Selecting seed and growing your own transplants to harvest can be one of the most rewarding feelings in gardening. When you sprout a seed and grow it all the way to harvest, you’re empowered in knowing the major steps to growing your own food!

In this article we’ll go over the steps required to turn a seed, some soil, and a container into a living, breathing organism- a vegetable transplant!

1. Choose your seed. The first step in growing transplants is to select what kind of transplant you want to grow!

  1. Find an accurate local planting calendar; you can find them online or at local plant nurseries. A planting calendar shows what seeds should be started depending on the season. Our planting calendar for the Tucson region can be found here.

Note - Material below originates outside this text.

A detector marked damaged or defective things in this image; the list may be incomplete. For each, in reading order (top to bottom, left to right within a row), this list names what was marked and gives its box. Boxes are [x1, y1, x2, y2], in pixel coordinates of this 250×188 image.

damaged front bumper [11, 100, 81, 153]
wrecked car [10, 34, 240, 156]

    1. If you plan on keeping your plant indoors its entire life, you can skip the planting calendar.

    2. Pro-tip: Here’s a list of seeds that don’t do very well as transplants. These plants grow best when they are seeded directly into the ground. Carrot, parsnip, turnip, radish, peas, and beans

  2. If you plan to collect seeds from your plants when they mature, you’ll want to buy seed that has been open-pollinated. These seeds have been carefully bred to give offspring that will resemble the parent plants.

  3. If you don’t plan to collect seed and just want the most uniform, predictable crops on the market, look for hybrid seeds, a.k.a. “F1 seeds”. Seed collected from hybrid plants can give wildly variant offspring or even be sterile.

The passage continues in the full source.